Insights & Advice



 The dividing line that often separates bull from bear is the 200 day Moving Average (200 DMA). It is a technical term that tracks the moving average price of stocks over 200 days. All week equities have traded a little above or below that average, leaving investors uncertain of what awaits them in 2012.

“I always sell my equity positions whenever the S&P 500 Index trades below the 200 Day,” says a trader friend of mine, “and I don’t buy back until it rises above that level again and stays there for more than a week.” 

It is a rule of thumb that has worked for market timers (those who try to sell the rips and buy the dips) more times than not since 2007, but it is not foolproof.  There have been times in the past when stocks fell below that level only to rebound and continue much higher. Nevertheless, many traders take the 200 DMA very seriously. As a result you should too.

Every index has a 200 DMA whether you are looking at stocks, bonds or commodities.   Most investors focus on the S&P 500 as their key average when trying to read the tea leaves in the stock market. Today, the 200 DMA is trading roughly at the same level that marks a gain or a loss for the S&P for 2011. The S&P Index started the year at 1,257.64.

The 200 DMA is right now about 1,259 (although it will change since it is a moving average). Several times over the last few months bulls have attempted to break that line, but the resistance has been fierce. Each time the bears have thrown back the bulls’ advance decisively. So here we are again at the resistance line, but the Santa Claus rally has been fairly weak and prices have advanced on low volume.

Clearly, there is little we can read from the closing values of the S&P Index for the year. Given the enormous volatility investors have experienced, a gain or loss of 3-4 points and a close above or slightly under the 200 DMA is meaningless. It gives no guidelines for what will happen next.

On the bright side the U.S. has done much better than other global markets. The main markets in Europe have suffered their worst losses since 2008, thanks to the continuing financial crisis.  In Asia, the once-hot Chinese market dropped 21% for the year while Japan had its lowest close since 1982.

Their performance reflected a year that was plagued with natural disasters from earthquakes to floods, the Arab spring, trading scandals, wild rides in commodity, the complete dissolution of political leadership on both sides of the Atlantic and a continual widening between the “haves” and “have nots” around the world. 

Bond prices, especially in our U.S. Treasury markets, were one area of positive gains. Prices continued to rise, despite the downgrading of our sovereign debt.  Investors, spooked by the gyrations in the stock markets, flocked to this perceived safe haven.  However, thanks to the low rates of interest, yields in that market have in some cases turned negative, such as Treasury Inflation Indexed bonds (called TIPs).

Today, a 30-year Treasury bond is yielding 2.9% while the Consumer Price Index, the nation’s inflation gauge, has been running at a rate above 3%. At those rates, retirees who need income to simply stay afloat are not even breaking even with inflation.

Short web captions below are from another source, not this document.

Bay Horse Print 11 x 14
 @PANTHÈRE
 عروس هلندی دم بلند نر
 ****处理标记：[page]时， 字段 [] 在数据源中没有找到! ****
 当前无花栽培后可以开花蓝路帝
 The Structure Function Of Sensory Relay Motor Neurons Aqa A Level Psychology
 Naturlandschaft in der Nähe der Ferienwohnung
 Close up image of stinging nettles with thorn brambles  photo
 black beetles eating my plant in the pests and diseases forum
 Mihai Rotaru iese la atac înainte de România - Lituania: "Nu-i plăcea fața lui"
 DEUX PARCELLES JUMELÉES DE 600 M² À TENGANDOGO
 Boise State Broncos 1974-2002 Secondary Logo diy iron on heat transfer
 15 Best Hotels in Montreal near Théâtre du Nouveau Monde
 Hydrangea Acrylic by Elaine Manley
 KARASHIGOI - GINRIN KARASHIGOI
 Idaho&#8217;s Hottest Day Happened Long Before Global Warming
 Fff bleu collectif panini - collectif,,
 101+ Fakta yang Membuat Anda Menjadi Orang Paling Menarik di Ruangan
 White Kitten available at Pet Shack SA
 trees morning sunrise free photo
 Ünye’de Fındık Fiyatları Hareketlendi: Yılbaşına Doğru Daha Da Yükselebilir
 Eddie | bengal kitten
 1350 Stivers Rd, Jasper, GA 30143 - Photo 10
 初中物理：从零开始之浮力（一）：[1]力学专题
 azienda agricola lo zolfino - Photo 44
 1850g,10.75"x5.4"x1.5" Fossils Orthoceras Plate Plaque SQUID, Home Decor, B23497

I find it impressive that, despite the gut-wrenching turmoil, the U.S. stock market has held its own and is finishing even-to-up in the case of the S&P 500 and the Dow. It appears most of the bad news of 2011 has been discounted. Who knows, we may actually break that resistance and climb above the 200 DMA on the S&P 500. That may turn out to be my ‘famous last words’ but I remain somewhat optimistic. Despite the unknowns, I sincerely wish all of you the same joy and happiness you have given me this year. Happy New Year!